- **Prompt**
In the records below, the line with "2006 Lexus Rx" opens the range and the line with "Потолочная люстра Loft" closes it; print that range exactly and nothing else.

- **Given records**
━━━━━━━━

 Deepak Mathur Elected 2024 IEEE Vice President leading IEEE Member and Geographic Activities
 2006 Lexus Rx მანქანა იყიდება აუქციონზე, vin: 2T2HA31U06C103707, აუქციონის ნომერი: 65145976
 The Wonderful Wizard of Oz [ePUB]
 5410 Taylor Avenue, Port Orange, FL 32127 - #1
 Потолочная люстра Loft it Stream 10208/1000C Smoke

━━━━━━━━

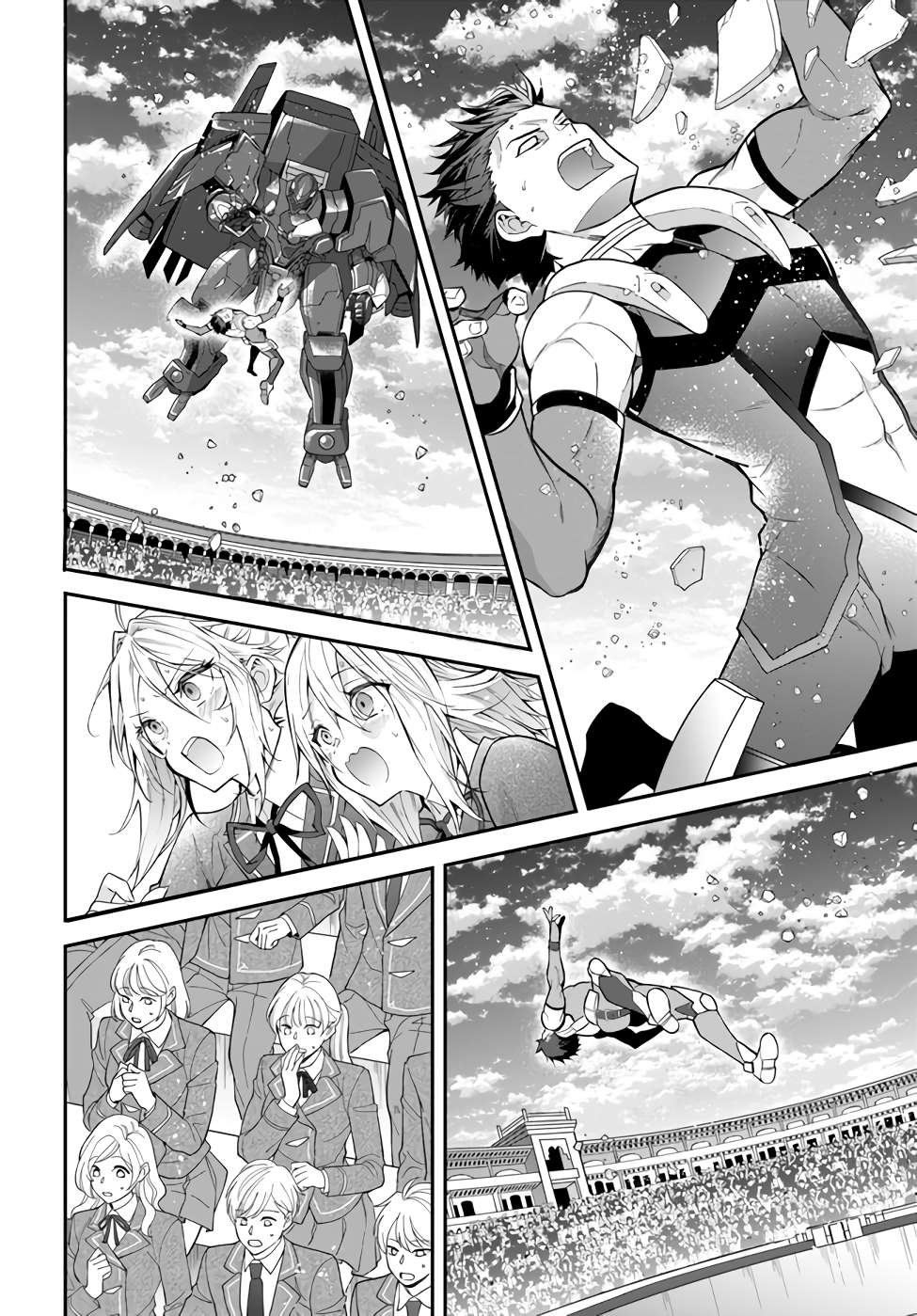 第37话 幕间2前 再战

━━━━━━━━

- **Reply to the exercise**
 2006 Lexus Rx მანქანა იყიდება აუქციონზე, vin: 2T2HA31U06C103707, აუქციონის ნომერი: 65145976
 The Wonderful Wizard of Oz [ePUB]
 5410 Taylor Avenue, Port Orange, FL 32127 - #1
 Потолочная люстра Loft it Stream 10208/1000C Smoke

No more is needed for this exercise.